A due anni dalla scomparsa terrena di Chiara, ci sembra di poter dire che questo termine claritas (che nella letteratura spirituale significa in genere “sapienza illuminata”) riassuma il tema ultimo della sua attività di fondatrice: sono infatti espressioni di claritas, tra l’altro, il “cenacolo” della Scuola Abbà, per lo studio del suo carisma; la creazione dell’Istituto Universitario Sophia; la fondazione di un centro “per il dialogo con la cultura contemporanea”. Sono, guarda caso, le ultime realtà da lei fondate.
Abbiamo fatto questa riflessione incontrandoci un mese fa appunto con gli incaricati di questo dialogo, provenienti da quasi tutta l’Europa, dagli Usa e dal Brasile. Tutti professionisti: dell’economia, dell’arte, della medicina, del diritto, della politica, della sociologia, dell’ecologia, della psicologia, dell’architettura, della pedagogia, della comunicazione, dello sport… Testimoniavano i frutti di questa claritas nell’agire e nel pensare umano, aprivano prospettive nuove, sinergie inaspettate… Un panorama molto diverso da quello che ognuno di noi aveva lasciato a casa.
Ci trovavamo in un centro congressi dei Castelli Romani, dotato di un bel parco che però quella mattina quasi non si riconosceva, coperto com’era da una fitta nevicata, una specie di miracolo per i dintorni di Roma. Tale panorama insolito e toccante riproduceva assai bene l’esperienza che stavamo vivendo: la cultura dell’unità vissuta insieme, diremmo “a corpo”, è in grado di cambiare la società, di rinnovarla.

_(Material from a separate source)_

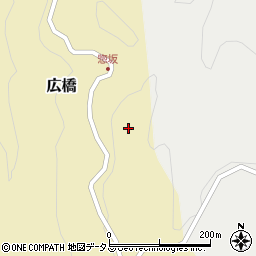 奈良県吉野郡下市町広橋289周辺の地図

Certo, occorre una cultura vera, quella che nasce da una vita e che distilla nel dialogo, nello studio e nella ricerca comune (e con la presenza del “Logos” in mezzo a coloro che sono uniti nel suo nome). È risultata un’esperienza così intensa che sembrava già tutto avviato nella concretezza. Solo l’indomani, al momento di partire, ci siamo accorti che il sole stava sciogliendo la neve (ma siamo ancora in quella che i teologi chiamano la categoria del “già e non ancora”).